Top 10 mobile brands ranked by value

Date: 10/12/2008
Published in: Telcoms
Spokesperson: William Grobel

China Mobile has the most valuable mobile operator brand in the industry with a worth of $30.79bn, according to new research shortly to be published in telecoms.com's sister publication Mobile Communications International.

The research - which ranked the top 100 cellco brands in the world - was carried out by brand valuation specialist Intangible Business. Vodafone placed second, with a brand value of $22.13bn, while US carrier Verizon ranked third with $20.38bn. But given that Vodafone owns three per cent of China Mobile, and 45 per cent of Verizon wireless, the UK firm can lay claim to the most valuable proportionate brand portfolio.
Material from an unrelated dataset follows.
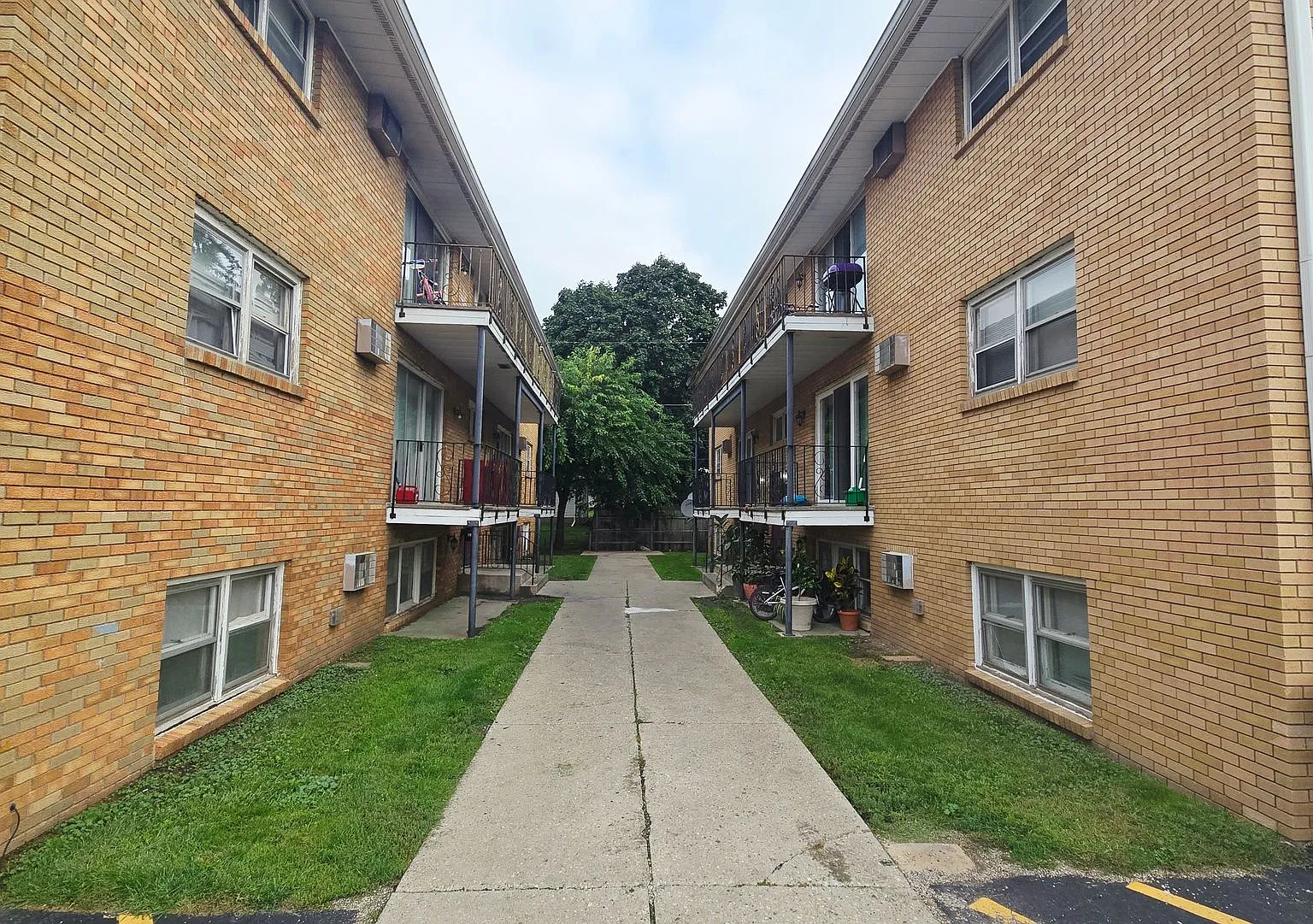 Harrison Ave — Photo 2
This is the first time such research has been carried out for the mobile operator community and, while the top ten places are dominated by familiar US and European names, as well as dominant Chinese and Japanese players, the presence of a number of emerging market specialists inside the top 30 reflects how the global market is shifting in terms of regional power. Firms that specialise in Indian, MEA and former CIS markets all place strongly in the rankings.  

Notably, in the top ten brands punching above their weight developing market players - as well as Middle Eastern-based carriers - occupy all the positions.

"Brand valuation is unique as it considers a combination of elements that contribute to value," said Will Grobel, marketing director at Intangible Business. "It is therefore a more robust way of looking at the health of a brand and the business that owns it than looking at single measures separately." Below, Grobel explains the methodology used to compile the ranking, which drew heavily on information from Informa Telecoms & Media's World Cellular Information Service.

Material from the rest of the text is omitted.